But there’s always some spoilsport standing in the way of—to borrow a phrase—making a good thing better. Many view Olivia at the ideal dollface to drag home to please the folks, but that estimation is not unanimous.
“You know,” Kramer confides, “I had immense difficulty with my family when I started going out with Olivia. The world has a thing about entertainers being seedy characters, and she is so far removed from any of that it’s almost humorous. But it bothered my family. I come from a straight-laced Jewish background and it took a long time for me to get my father to even meet Olivia. I think that, in his mind, the only thing that could’ve been worse than her being non-Jewish and an entertainer would have been if she were black. Then I think my father would have gone berserk.”
It is George Osaki’s job to ensure that Olivia Newton-John looks as white at possible. As Vice President of Creative Services with MCA Records, the talented, accommodating Osaki is also the art director, photo editor and graphic overseer of the shot-through-silk diffusion which has characterized all O N-J visuals released to the public.
“The soft-focus, romantic look on Olivia’s albums is something that just happened; it wasn’t planed at all,” he says. “We’ve used a lot of different photographers: Charlie Bush, Claude Mougin . . . She’ll see someone’s work in fashion magazines, show me clippings and we’ll contact him. It’s easy working with her—she’s so pretty you almost can’t go wrong, right? For her Come On Over jacket photo, the one where she’s in water, we wanted to get away from the usual hazy look, so we went out to a swimming pool in Beverly Hills and figured, ‘Hey, let’s throw her in and see what happens.’ It still came out kinda soft-focus—and she caught a cold, too.
“My all-time favorite session was for the Don’t Stop Betterin’ record jacket, but nobody’s ever seen it because Olivia changed photos in the middle of the press ran. The shots were gorgeous, extreme close-ups—really tight shots—but for some reason she decided at the last minute that they were a mistake. I think she called them too somber.’ She phoned me from Vegas, we had to stop the presses, and I flew back and forth twice between Vegas and LA. while she chose different photos.
“She has total control, must approve everything and leaves absolutely no detail uncovered.”
It wasn’t always thus. Erstwhile singing partner Pat Carroll recalls a simpler time.

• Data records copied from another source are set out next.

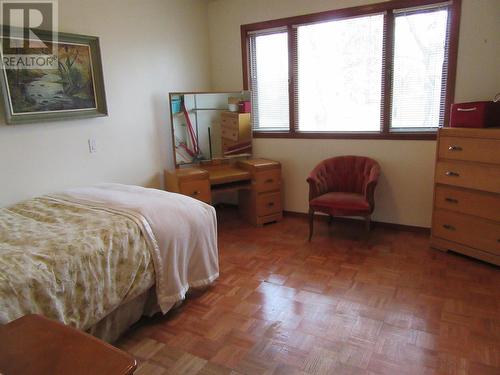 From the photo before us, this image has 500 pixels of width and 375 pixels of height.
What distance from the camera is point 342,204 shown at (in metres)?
3.21

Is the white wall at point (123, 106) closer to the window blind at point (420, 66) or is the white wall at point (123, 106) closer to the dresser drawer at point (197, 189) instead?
the dresser drawer at point (197, 189)

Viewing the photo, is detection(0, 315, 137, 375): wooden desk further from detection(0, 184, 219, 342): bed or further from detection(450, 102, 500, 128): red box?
detection(450, 102, 500, 128): red box

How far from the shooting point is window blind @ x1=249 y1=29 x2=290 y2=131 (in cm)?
400

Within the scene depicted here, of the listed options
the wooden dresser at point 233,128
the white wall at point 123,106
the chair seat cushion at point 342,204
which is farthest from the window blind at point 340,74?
the white wall at point 123,106

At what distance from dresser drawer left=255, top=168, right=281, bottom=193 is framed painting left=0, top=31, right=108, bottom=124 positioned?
1623 millimetres

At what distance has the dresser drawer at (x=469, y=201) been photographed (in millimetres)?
2680

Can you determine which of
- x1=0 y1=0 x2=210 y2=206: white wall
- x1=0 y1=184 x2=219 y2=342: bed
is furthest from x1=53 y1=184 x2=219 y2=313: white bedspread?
x1=0 y1=0 x2=210 y2=206: white wall

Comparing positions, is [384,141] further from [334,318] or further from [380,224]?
[334,318]

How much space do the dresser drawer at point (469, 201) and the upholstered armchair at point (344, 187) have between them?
1.79ft

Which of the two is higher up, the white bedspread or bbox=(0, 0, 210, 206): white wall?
bbox=(0, 0, 210, 206): white wall

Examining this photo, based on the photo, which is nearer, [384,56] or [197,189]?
[384,56]

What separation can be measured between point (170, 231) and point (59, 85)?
1.51m

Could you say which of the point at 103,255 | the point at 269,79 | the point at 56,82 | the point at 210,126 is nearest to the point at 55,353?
the point at 103,255

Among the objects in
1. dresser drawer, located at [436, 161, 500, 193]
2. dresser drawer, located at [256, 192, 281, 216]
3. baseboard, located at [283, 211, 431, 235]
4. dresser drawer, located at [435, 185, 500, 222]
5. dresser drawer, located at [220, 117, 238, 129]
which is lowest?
baseboard, located at [283, 211, 431, 235] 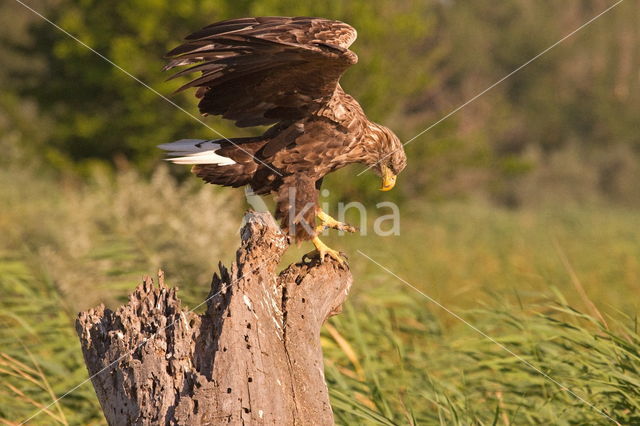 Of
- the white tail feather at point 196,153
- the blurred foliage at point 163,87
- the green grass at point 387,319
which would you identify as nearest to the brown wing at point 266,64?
the white tail feather at point 196,153

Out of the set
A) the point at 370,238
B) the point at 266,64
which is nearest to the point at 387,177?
the point at 266,64

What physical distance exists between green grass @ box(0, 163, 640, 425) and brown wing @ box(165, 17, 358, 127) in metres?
1.37

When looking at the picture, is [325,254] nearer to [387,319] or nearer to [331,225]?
[331,225]

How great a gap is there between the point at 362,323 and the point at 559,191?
28964 mm

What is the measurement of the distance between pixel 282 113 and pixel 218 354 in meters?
1.53

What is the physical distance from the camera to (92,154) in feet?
52.5

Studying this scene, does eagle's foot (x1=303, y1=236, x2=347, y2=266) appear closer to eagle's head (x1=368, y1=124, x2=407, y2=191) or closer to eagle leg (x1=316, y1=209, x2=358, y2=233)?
eagle leg (x1=316, y1=209, x2=358, y2=233)

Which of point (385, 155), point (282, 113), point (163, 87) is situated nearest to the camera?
point (282, 113)

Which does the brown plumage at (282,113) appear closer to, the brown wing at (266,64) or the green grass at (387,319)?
the brown wing at (266,64)

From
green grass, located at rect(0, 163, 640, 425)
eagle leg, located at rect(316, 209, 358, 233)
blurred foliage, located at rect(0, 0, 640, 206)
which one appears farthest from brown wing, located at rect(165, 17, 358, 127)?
blurred foliage, located at rect(0, 0, 640, 206)

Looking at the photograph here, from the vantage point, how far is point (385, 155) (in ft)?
14.7

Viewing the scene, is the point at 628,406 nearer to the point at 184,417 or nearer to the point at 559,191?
the point at 184,417

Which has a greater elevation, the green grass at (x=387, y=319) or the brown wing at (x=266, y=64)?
the brown wing at (x=266, y=64)

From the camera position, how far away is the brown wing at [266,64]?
11.3 ft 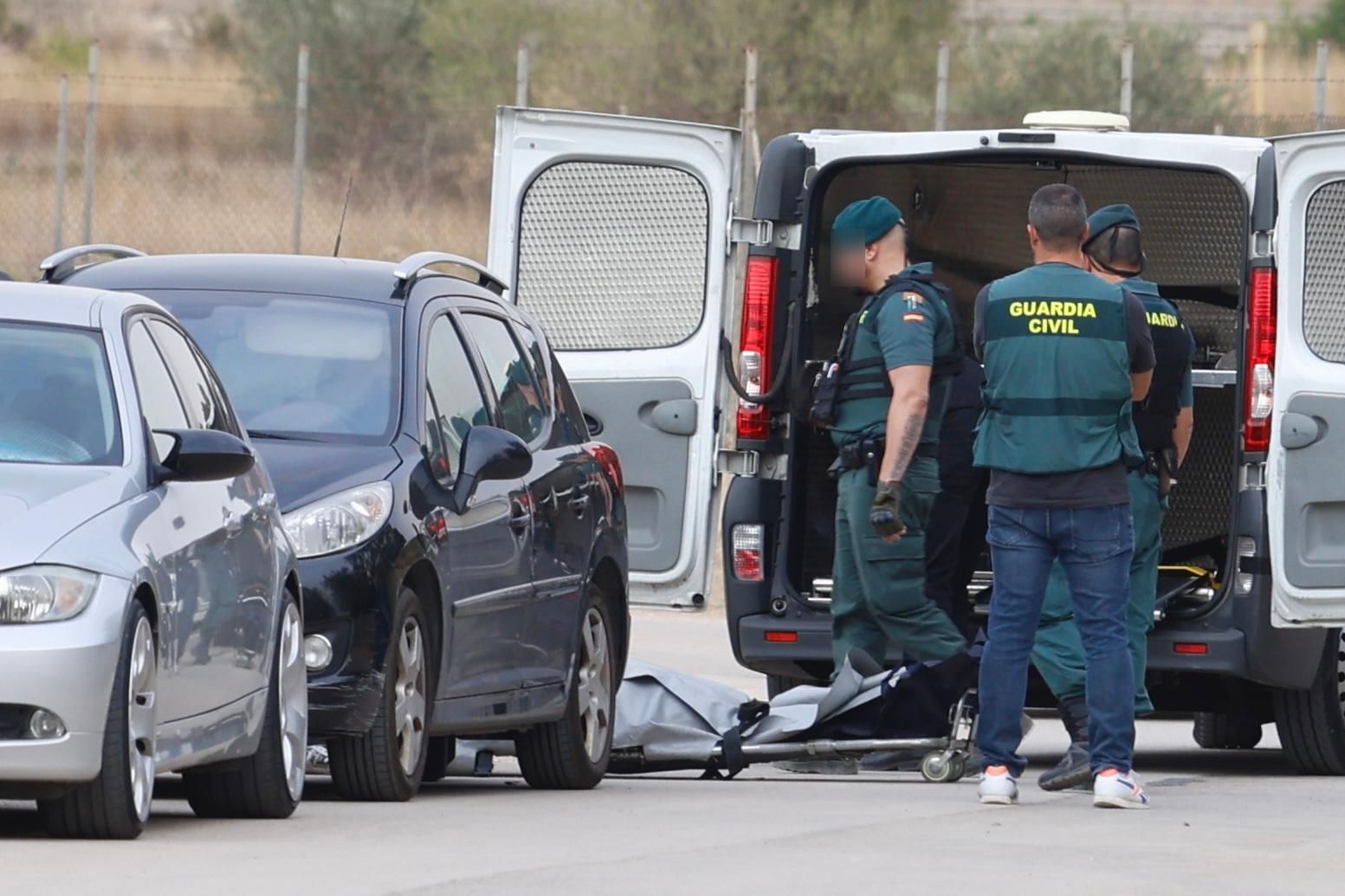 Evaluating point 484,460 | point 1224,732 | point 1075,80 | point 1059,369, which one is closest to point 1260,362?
point 1059,369

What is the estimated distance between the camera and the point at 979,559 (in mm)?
11992

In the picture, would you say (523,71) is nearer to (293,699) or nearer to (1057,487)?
(1057,487)

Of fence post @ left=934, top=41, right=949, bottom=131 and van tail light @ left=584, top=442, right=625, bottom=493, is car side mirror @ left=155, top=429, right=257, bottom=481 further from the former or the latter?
fence post @ left=934, top=41, right=949, bottom=131

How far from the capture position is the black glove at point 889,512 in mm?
10102

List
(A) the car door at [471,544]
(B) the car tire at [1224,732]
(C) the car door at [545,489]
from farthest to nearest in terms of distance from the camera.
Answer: (B) the car tire at [1224,732] → (C) the car door at [545,489] → (A) the car door at [471,544]

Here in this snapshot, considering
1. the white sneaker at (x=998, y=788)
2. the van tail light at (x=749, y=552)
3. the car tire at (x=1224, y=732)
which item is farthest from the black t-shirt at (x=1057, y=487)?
the car tire at (x=1224, y=732)

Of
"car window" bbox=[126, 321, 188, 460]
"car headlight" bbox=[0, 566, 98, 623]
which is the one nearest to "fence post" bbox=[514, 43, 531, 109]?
"car window" bbox=[126, 321, 188, 460]

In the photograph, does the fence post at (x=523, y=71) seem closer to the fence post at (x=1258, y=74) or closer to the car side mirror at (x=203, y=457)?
the fence post at (x=1258, y=74)

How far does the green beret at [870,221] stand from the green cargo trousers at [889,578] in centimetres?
79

“Onstage we’d wear very short mini-skirts, much too much makeup, heavy eye shadow and teased hair,” she chuckles. “It was me. interestingly enough, who was very ambitious at that point, and Livvy was enjoying it as a lark. I was the one who made all our performing skirts and she had to hem them, but she hated doing it. We originally joined together for companionship and the security of having a partner along in some of those workingmen’s halls in the north of England. We also played Army bases in Germany—a lot of the places were rough. I guess, but we were naive.
“For example, we once took a two-week vacation in Europe in 1967or ’68, just bringing along overnight bags and only 30 pounds—$100—apiece! We just didn’t know—we were too innocent. We stayed in youth hostels and they gave you a breakfast of rolls, butter and jam. We’d sneak extra rolls out of the basket and have them for lunch with cheese. Total strangers befriended us, amazed that we were on our own. Most amazing of all, after two weeks we came back with change from our money! I still can’t figure that one out.”

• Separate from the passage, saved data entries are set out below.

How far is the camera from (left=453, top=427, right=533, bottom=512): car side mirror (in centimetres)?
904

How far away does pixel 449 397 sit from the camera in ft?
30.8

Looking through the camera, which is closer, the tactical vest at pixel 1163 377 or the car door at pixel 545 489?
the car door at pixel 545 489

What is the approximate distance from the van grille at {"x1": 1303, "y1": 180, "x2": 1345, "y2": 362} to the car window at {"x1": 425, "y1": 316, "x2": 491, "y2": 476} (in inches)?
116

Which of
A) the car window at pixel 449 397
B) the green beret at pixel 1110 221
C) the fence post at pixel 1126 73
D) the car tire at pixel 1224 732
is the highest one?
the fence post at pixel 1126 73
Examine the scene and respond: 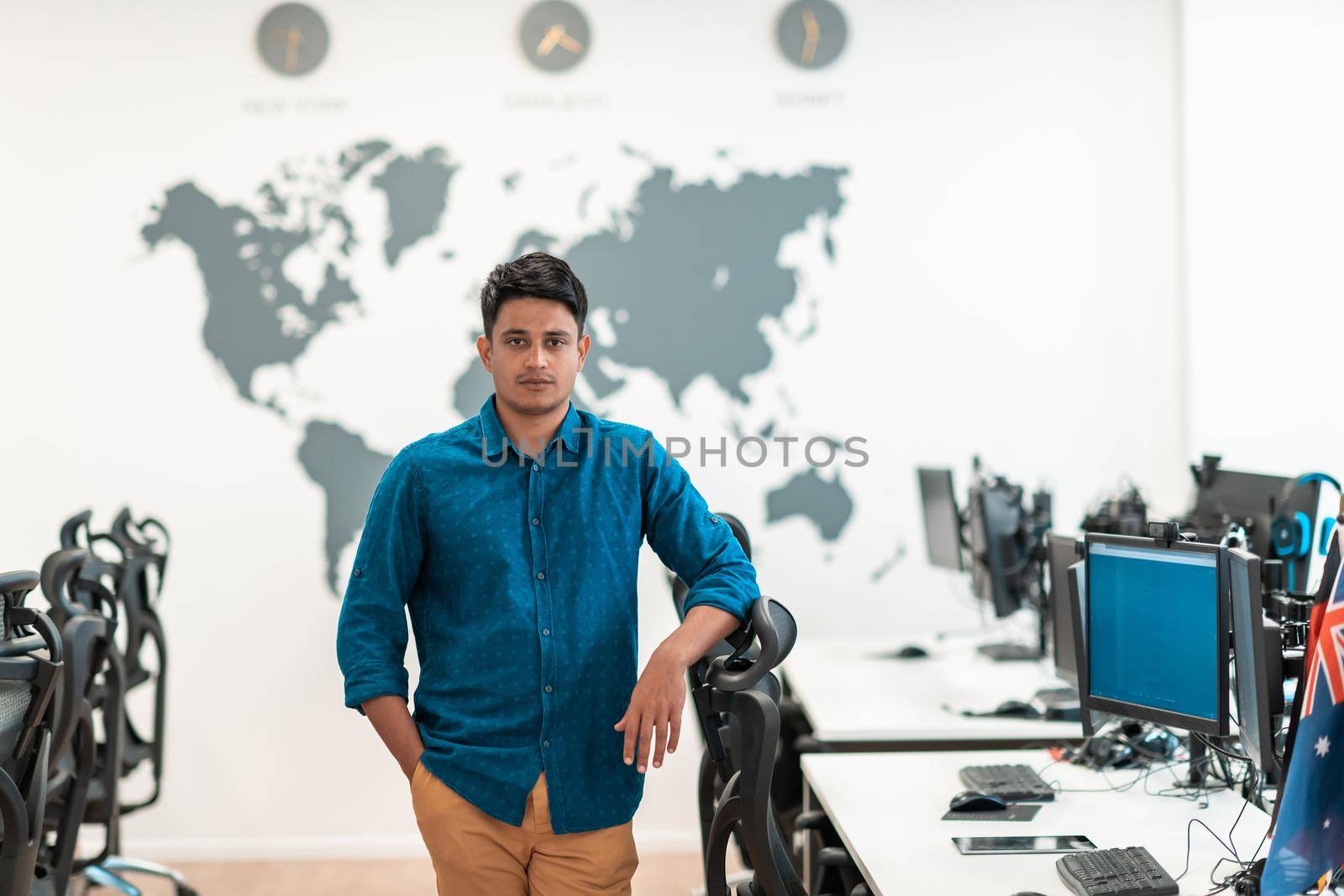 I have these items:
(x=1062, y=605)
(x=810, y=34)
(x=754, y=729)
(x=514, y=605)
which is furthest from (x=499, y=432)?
(x=810, y=34)

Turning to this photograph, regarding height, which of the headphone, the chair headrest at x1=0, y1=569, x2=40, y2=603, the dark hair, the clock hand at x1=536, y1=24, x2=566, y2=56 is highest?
the clock hand at x1=536, y1=24, x2=566, y2=56

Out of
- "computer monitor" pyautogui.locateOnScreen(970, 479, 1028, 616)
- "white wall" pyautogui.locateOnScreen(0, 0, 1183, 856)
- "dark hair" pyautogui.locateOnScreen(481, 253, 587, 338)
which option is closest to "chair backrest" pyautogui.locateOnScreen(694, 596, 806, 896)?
"dark hair" pyautogui.locateOnScreen(481, 253, 587, 338)

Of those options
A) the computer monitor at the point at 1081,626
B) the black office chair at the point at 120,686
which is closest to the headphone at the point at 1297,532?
the computer monitor at the point at 1081,626

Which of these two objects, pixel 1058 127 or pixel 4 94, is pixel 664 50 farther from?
pixel 4 94

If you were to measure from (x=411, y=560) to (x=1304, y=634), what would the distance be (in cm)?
153

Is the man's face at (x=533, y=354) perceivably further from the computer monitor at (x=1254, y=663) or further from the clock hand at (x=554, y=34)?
the clock hand at (x=554, y=34)

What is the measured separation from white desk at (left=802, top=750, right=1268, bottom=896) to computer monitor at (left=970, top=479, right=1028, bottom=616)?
1007 mm

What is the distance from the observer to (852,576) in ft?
14.4

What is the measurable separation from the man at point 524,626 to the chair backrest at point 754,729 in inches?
2.0

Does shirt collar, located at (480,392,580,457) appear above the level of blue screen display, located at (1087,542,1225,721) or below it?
above

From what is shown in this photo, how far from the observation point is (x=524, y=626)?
5.74 feet

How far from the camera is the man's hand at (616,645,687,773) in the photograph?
1.69 meters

Did they ever rub elbows with the many stellar rock ’n rollers electrifying London at that time?
“Well, we were a supporting act for the Seekers—but our biggest thrill ever was meeting Maurice Chevalier, who came backstage once to say he liked us. We were blown away!

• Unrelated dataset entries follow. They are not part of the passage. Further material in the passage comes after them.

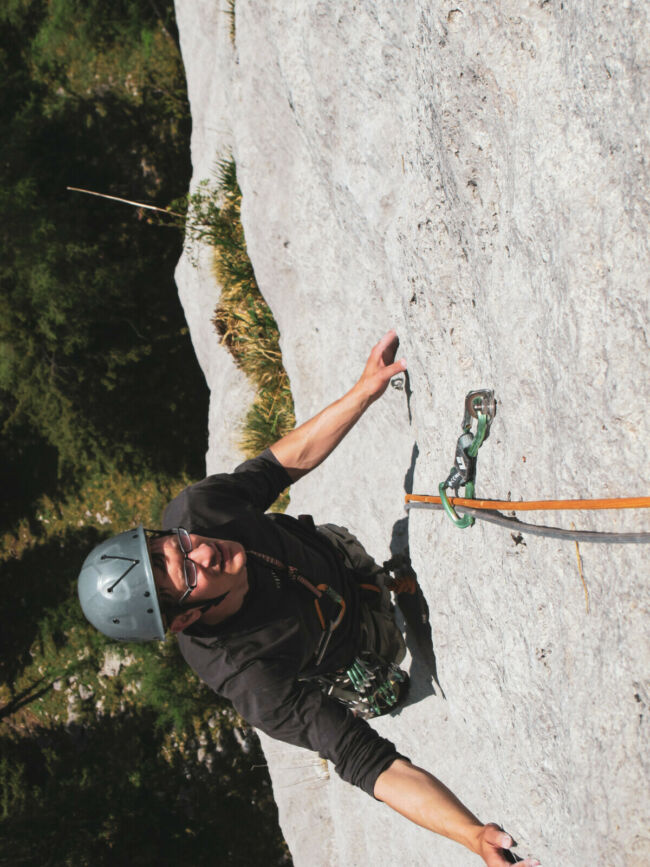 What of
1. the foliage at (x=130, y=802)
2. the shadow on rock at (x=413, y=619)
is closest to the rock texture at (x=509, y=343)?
the shadow on rock at (x=413, y=619)

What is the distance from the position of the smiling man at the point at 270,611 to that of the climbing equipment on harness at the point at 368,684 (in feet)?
0.06

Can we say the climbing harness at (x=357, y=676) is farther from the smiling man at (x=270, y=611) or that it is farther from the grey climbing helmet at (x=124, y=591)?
the grey climbing helmet at (x=124, y=591)

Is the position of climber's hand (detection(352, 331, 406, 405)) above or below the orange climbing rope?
above

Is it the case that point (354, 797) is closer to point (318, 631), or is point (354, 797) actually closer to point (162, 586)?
point (318, 631)

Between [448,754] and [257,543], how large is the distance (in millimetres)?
1547

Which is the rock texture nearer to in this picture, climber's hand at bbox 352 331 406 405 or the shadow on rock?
the shadow on rock

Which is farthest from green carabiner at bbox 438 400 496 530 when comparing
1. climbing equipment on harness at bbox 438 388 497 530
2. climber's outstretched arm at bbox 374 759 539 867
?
climber's outstretched arm at bbox 374 759 539 867

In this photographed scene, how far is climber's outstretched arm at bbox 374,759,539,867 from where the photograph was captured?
2352mm

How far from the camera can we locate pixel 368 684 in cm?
342

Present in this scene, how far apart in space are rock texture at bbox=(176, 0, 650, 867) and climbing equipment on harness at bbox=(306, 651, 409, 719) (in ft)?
0.64

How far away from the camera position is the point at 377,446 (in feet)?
13.1

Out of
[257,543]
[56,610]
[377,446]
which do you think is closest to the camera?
[257,543]

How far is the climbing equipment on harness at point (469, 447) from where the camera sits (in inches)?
89.6

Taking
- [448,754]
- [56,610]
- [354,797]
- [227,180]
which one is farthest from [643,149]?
[56,610] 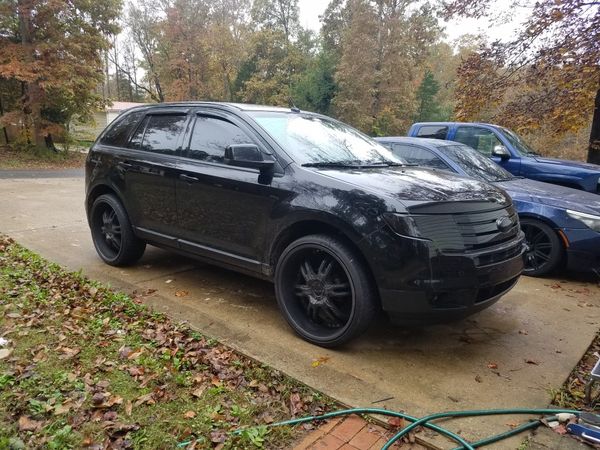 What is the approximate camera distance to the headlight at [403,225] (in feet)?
9.19

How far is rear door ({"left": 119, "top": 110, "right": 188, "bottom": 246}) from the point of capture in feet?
14.0

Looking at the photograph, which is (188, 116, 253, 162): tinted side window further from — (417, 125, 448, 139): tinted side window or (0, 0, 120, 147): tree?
(0, 0, 120, 147): tree

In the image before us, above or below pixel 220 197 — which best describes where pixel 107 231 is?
below

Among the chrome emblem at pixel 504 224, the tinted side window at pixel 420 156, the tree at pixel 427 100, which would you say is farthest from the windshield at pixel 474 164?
the tree at pixel 427 100

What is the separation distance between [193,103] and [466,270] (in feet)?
10.1

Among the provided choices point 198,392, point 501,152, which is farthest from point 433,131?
point 198,392

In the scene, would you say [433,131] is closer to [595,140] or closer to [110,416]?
[595,140]

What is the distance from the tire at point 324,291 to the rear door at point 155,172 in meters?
1.49

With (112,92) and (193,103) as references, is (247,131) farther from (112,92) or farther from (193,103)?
(112,92)

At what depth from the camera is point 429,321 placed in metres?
2.94

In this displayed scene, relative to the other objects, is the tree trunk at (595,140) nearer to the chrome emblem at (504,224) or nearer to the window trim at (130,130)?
the chrome emblem at (504,224)

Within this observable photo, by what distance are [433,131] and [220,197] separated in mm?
6485

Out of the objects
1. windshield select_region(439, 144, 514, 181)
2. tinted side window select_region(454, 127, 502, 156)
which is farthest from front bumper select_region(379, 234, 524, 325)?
tinted side window select_region(454, 127, 502, 156)

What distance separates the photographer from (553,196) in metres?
5.23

“Things didn’t always work out, though,” she concedes. “Before our first important headlining date, we rehearsed for two weeks in our Shepherd’s Bush flat, practicing spins, hand gestures and using soda bottles as microphones. On opening night we did our routines and got hopelessly tangled up in our microphone lead cords, tripping and stumbling across the stage. It took us a day or two to redo our act; we hadn’t taken the mike cords into account, you see.”
Years later, it took a shrewd talent scout like Don Kirshner to recognize the “boundIess possibilities” latent in Lovely Livvy. Peddling a “dynamite film and musk concept” in 1970 that attempted to merge the science fiction finesse of lames Bond with a Monkees-minded fusion of pop, rock, soul and country, he convinced Olivia to assume the pop chores in a pre-fab four called Tomorrow. The band and film bombed but Kirshner, who bowed out early, knew he’d precipitated the growing pains of a future superstarlet.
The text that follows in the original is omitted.